Estamos ante la gran paradoja de esta tecnología: las compañías decidieron entrenar sus modelos con absolutamente todo lo disponible: corpus masivos de la web con calidad muy dispar, llenos de información útil, sí, pero también de ruido, errores, basura, teorías conspiranoicas y propaganda. El objetivo era acelerar el avance, lograr modelos capaces de cubrir cualquier ámbito del conocimiento humano, y hacerlo además en un tiempo récord. Verificar o filtrar mediante fact-checkers esas ingentes cantidades de texto con las que se alimentaba el algoritmo habría sido carísimo, lento, difícilmente escalable y, además, habría recibido innumerables acusaciones de subjetividad. La apuesta fue sacrificar precisión a cambio de amplitud, como reconocen no solo OpenAI, sino también investigadores en otras compañías y universidades. El resultado ha sido un ecosistema de modelos poderosísimos, pero incapaces de garantizar que lo que dicen sea cierto.

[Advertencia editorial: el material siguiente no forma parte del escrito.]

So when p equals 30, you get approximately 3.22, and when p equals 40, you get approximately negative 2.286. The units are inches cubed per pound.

¿Qué habría ocurrido, cómo habría evolucionado este panorama, si se hubiera tomado la decisión contraria? Si los modelos hubieran sido entrenados únicamente con fuentes verificadas, fidedignas y con autoridad, y si además hubiesen sido incentivados para reconocer sus límites, tal vez hoy tendríamos sistemas menos versátiles, pero mucho más fiables. Modelos que no respondieran a todo, pero que rara vez incurrieran en errores groseros. Una inteligencia artificial «lenta pero segura», que pudiera servir como referencia académica o profesional con la misma fiabilidad que una buena enciclopedia en manos de un usuario adecuado. Es, en cierto modo, lo que algunos proyectos alternativos, como los intentos de integrar verificación en tiempo real o los experimentos con bases de datos cerradas y curadas, están explorando. Pero el mercado, la presión competitiva y la lógica del «moverse rápido» empujaron en la dirección contraria: mejor un modelo que conteste cualquier cosa y proporcione la ilusión de omnisciencia, aunque se equivoque a menudo, que otro que conteste poco, pero siempre con el debido rigor.

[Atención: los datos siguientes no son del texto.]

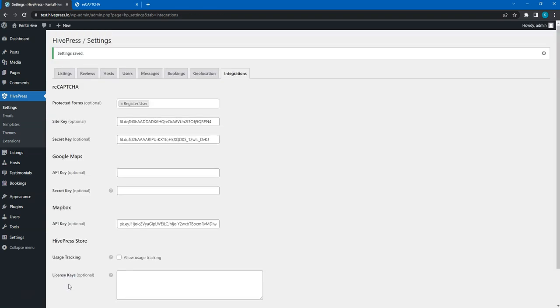That's it! We have just finished setting up HivePress. Now let's move to the next video where I'll show you how to add new listings.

Posiblemente deberíamos dejar de hablar de «alucinaciones» y sustituirlo por una descripción más técnica de lo que realmente ocurre: errores probabilísticos de predicción. Pero lo cierto es que el término ya ha echado raíces, porque además encaja con una narrativa atractiva y mediática. Al igual que en su día el término «nube» se impuso como metáfora para describir un conjunto de servidores distribuidos, el de “alucinaciones” se ha impuesto para describir un fenómeno que no tiene nada de místico, de químico ni de psicológico, pero que suena más sugerente de lo que realmente es.
Lo intrigante, y lo que debería hacernos reflexionar, es hasta qué punto nos hemos acostumbrado a convivir con esos errores. Sabemos que los modelos alucinan, pero seguimos usándolos, fascinados por su capacidad de generar lenguaje coherente y útil en la mayoría de los casos, y por la confianza en nuestra habilidad para desenmascarar esos errores y eliminarlos del producto final. Quizá en el futuro veamos un giro hacia modelos más pequeños y especializados, entrenados con fuentes mucho más rigurosas y con incentivos mejor diseñados para admitir incertidumbre, que se complementen con los grandes modelos generalistas. O tal vez acabemos por resignarnos a un mundo en el que toda producción automática de texto requiere, necesariamente, una capa de verificación humana (lo cual, desde el punto de vista de alguien que se dedica a la enseñanza, tampoco parece mala cosa). En cualquier caso, conviene tener claro que no son las máquinas las que «alucinan», sino nosotros los que decidimos qué entrenar, cómo entrenarlo y qué recompensas ofrecer.